The advantage of the channels is they come with a diffuser — a long, curved section of plastic that slides into the channel after you've installed the LED strips. The plastic serves to diffuse the light, so it looks more like a fluorescent tube than a row of individual LEDs.

The range of other LED applications is extensive — one of my favourites is the cabinet light. Equipped with a sensor, it comes on as soon as you open the door. This is great for kitchen and bathroom lockers, as well as wardrobes — plenty of light to help you decide what to wear.

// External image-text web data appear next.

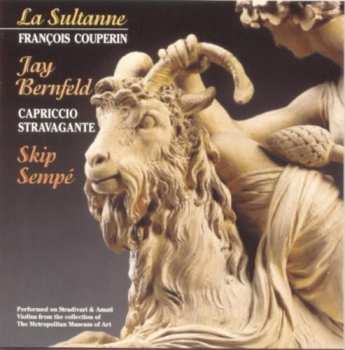 Album François Couperin: La Sultanne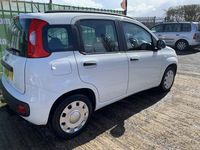 Used Fiat Panda Easy 69 HP (50 kW) 2014 White Hatchback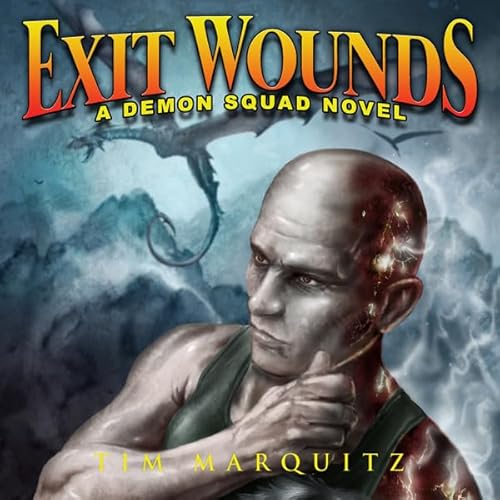 Cover of Exit Wounds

Some lights are also equipped with PIR (passive infrared) sensors — more commonly called motion detectors. We've all stumbled through a dark RV at 3am in search of a drink (of water). A subtle, PIR-equipped light will help to show the way without waking everyone else.

Exterior applications

Fancy outside lights? Strip LEDs are also available in two different grades for resisting water: the basic waterproof model (casual, incidental water) and the fully-submersible version (IP68 rated). This means the strip can be applied to the outside of your RV.

A popular option is adding a strip to the awning. This is useful for finding your way back to the RV after a party when your vision might be a little blurry. Note the lights can also be activated with an optional fob – like the car alarm. So if you're really confused and unable to find your RV in a motorcamp bulging with vehicles, click the fob to turn yours into a homing beacon.

If the party's at your RV, the lights can be useful for creating the right atmosphere — a lurid purple exterior cycling through lime green, bright red, and iridescent blue might see your home mistaken for a mobile bordello, but it will have your guests moving to the music in no time.

Adding strip lights to the RV's outer shell is another option — particularly along the front spoiler. But go cautiously — be aware there are very specific regulations related to fixing lights to the front and rear of vehicles (white in front, red at the back).

The added appeal of creative LED lighting, of course, is that it will have very little impact on your batteries. The technology is supremely energy-efficient, virtually indestructible, and maintenance-free.